» **Information supplied**
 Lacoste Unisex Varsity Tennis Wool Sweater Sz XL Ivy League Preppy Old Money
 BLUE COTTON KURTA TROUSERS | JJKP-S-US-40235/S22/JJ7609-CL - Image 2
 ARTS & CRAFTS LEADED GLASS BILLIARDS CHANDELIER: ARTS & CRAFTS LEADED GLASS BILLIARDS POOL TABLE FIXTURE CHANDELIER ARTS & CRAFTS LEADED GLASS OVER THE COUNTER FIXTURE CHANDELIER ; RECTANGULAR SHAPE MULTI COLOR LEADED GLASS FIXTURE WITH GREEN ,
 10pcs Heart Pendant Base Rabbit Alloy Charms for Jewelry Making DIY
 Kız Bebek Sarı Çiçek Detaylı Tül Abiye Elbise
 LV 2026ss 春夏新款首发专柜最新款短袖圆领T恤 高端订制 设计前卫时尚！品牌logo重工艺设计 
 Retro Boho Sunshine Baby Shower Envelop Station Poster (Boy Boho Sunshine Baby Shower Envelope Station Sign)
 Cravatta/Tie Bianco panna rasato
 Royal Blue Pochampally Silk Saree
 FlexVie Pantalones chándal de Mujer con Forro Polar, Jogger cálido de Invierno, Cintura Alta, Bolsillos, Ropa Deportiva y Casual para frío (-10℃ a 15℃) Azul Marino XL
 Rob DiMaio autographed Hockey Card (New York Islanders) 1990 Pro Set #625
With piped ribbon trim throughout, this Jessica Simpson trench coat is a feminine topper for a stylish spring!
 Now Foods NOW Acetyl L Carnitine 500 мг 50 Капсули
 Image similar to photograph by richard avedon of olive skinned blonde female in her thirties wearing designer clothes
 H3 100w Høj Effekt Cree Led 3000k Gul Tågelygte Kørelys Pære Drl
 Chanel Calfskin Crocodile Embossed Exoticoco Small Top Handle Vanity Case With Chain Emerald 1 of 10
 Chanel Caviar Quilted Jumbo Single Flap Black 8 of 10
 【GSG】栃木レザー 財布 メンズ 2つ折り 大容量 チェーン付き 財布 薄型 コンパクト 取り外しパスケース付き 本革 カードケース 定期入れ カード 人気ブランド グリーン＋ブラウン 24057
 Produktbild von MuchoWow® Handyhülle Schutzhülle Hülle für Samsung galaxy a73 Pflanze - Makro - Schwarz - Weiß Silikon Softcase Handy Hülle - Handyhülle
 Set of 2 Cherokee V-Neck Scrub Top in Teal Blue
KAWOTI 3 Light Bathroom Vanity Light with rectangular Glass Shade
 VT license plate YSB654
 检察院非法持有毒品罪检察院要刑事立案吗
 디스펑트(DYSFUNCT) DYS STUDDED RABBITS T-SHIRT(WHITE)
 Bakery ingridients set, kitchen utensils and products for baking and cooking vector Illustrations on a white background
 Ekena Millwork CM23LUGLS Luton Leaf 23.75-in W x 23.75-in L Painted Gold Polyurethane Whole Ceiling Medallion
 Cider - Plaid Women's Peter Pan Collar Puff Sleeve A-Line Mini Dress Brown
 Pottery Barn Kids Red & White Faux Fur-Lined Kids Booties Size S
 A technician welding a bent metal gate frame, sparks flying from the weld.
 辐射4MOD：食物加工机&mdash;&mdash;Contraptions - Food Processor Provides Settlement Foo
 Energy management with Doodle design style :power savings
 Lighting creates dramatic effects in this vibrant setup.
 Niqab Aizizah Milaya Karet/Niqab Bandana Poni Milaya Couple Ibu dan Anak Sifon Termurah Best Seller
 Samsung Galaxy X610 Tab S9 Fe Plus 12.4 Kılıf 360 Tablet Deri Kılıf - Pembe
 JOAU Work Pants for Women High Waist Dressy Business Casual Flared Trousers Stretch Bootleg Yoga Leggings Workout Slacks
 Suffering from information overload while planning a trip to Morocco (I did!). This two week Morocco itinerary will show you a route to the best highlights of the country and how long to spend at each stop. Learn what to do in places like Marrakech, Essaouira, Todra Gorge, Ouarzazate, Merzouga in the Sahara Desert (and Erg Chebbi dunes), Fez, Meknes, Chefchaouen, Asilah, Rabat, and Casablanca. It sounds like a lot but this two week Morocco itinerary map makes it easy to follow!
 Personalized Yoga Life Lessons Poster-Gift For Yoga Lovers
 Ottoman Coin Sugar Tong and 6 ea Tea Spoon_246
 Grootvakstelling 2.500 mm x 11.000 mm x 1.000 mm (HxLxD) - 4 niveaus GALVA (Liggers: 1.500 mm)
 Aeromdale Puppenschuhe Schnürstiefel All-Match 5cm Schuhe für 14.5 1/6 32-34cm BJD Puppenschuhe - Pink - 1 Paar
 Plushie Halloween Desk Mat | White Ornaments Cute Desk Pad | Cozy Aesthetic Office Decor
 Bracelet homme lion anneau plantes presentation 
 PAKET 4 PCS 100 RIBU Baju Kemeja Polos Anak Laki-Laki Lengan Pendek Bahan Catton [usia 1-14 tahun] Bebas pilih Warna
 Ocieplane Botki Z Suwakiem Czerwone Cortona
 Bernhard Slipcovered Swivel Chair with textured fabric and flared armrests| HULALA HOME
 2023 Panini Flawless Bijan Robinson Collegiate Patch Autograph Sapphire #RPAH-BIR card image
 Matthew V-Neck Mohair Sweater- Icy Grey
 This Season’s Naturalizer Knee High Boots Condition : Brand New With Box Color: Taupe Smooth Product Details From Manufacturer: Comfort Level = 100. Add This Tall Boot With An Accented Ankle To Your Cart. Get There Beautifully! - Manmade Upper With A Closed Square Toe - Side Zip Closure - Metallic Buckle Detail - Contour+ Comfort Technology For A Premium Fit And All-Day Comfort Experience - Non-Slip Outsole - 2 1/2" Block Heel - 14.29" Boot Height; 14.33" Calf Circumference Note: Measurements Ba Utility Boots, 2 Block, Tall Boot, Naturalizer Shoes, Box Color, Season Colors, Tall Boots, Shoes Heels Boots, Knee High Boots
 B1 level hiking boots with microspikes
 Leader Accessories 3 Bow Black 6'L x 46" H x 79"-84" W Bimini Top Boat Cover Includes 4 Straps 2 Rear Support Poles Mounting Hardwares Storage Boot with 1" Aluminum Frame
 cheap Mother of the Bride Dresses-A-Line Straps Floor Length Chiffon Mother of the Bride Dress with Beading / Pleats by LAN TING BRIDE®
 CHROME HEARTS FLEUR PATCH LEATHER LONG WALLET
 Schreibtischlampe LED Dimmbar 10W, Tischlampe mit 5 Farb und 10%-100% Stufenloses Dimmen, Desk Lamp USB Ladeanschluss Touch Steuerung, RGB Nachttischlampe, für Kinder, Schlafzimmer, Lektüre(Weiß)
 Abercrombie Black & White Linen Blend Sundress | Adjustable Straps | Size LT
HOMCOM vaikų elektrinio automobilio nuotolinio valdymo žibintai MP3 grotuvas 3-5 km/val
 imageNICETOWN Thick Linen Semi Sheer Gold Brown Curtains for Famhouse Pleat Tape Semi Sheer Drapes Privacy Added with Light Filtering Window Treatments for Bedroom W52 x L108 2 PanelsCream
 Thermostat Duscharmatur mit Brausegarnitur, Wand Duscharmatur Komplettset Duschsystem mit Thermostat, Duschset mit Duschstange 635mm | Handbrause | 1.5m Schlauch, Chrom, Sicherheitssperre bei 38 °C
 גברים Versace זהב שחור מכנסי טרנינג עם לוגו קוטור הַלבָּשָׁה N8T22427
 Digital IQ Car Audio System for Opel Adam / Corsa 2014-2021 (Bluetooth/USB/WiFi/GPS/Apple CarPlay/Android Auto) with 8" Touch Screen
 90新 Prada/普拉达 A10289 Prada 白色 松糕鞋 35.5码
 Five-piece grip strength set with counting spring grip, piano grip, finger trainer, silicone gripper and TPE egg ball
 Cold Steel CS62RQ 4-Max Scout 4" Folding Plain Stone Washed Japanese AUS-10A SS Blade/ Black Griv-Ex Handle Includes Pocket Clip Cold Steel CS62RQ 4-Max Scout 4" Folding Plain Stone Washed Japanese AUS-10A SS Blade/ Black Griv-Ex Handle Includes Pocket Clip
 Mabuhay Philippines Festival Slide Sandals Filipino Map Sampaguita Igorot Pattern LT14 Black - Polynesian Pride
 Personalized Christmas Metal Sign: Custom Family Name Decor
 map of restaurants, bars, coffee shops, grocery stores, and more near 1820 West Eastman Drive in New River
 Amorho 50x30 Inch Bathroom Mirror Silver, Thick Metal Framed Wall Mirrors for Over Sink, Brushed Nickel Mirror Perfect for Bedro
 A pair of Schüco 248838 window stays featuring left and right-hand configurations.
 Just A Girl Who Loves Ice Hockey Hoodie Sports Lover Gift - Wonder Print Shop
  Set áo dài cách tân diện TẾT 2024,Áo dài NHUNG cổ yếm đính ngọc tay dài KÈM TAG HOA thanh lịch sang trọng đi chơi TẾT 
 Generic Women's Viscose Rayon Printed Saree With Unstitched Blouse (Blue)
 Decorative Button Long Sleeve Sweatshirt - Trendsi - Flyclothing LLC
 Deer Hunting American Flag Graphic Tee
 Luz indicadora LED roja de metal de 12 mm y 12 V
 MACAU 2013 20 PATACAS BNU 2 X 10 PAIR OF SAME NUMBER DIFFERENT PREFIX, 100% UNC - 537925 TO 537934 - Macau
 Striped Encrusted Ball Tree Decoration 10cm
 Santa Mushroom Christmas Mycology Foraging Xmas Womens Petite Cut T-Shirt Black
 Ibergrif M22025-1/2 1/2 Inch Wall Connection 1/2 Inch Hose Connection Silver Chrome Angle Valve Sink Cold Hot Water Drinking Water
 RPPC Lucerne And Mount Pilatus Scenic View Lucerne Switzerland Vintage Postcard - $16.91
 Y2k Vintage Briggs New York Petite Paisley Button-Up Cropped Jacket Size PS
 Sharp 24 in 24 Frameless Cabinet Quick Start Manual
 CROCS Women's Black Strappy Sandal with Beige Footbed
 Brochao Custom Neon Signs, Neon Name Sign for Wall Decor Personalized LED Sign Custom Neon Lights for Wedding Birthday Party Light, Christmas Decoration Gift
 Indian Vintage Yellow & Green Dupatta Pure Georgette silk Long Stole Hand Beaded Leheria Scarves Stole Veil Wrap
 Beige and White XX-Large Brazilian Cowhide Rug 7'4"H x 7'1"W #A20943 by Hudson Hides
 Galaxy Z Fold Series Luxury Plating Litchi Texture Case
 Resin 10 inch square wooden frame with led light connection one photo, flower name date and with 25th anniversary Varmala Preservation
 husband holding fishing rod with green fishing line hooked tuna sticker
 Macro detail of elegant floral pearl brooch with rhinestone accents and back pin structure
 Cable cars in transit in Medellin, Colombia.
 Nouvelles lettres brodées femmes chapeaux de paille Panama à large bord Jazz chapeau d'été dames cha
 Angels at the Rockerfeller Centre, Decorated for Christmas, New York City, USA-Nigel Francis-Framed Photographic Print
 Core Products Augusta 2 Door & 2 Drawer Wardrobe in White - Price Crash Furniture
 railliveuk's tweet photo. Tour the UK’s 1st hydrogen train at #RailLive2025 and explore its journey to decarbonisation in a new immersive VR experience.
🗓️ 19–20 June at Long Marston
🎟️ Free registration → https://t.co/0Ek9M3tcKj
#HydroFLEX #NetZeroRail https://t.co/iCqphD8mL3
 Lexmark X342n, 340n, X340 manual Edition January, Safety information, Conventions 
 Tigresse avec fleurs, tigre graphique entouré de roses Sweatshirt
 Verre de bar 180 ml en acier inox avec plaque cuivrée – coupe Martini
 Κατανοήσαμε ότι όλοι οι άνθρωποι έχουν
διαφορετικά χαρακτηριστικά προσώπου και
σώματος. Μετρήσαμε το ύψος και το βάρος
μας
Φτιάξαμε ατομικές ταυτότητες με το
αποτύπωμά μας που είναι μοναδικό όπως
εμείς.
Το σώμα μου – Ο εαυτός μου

» **What to work on**
Which lines above run from the one containing "디스펑트(DYSFUNCT) DYS STUDDED" down to the one containing "Cider - Plaid"? Repeat exactly those, both ends included, and nothing else.

» **Answer area**
 디스펑트(DYSFUNCT) DYS STUDDED RABBITS T-SHIRT(WHITE)
 Bakery ingridients set, kitchen utensils and products for baking and cooking vector Illustrations on a white background
 Ekena Millwork CM23LUGLS Luton Leaf 23.75-in W x 23.75-in L Painted Gold Polyurethane Whole Ceiling Medallion
 Cider - Plaid Women's Peter Pan Collar Puff Sleeve A-Line Mini Dress Brown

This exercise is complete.